(Data provided begins)
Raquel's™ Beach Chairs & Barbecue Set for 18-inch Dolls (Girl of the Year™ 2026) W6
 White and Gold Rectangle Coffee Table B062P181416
(Data provided ends)
(Data provided begins)
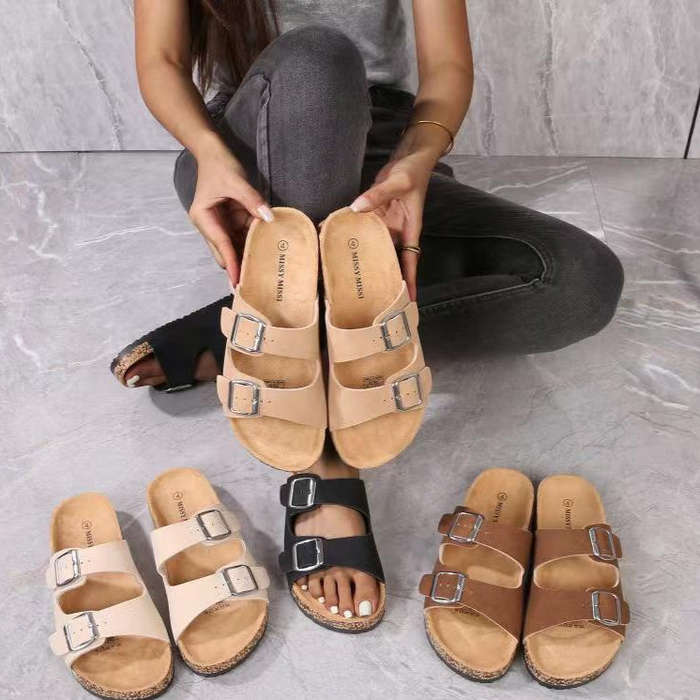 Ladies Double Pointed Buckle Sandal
(Data provided ends)
(Data provided begins)
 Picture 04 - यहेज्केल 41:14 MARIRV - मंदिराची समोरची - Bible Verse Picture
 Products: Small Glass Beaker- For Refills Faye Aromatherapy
(Data provided ends)
> Your assignment: Please give back exactly the lines of the listing above that run from the one containing "Raquel's™ Beach Chairs" through the one containing "White and Gold", and only those.

> Exercise answer:
Raquel's™ Beach Chairs & Barbecue Set for 18-inch Dolls (Girl of the Year™ 2026) W6
 White and Gold Rectangle Coffee Table B062P181416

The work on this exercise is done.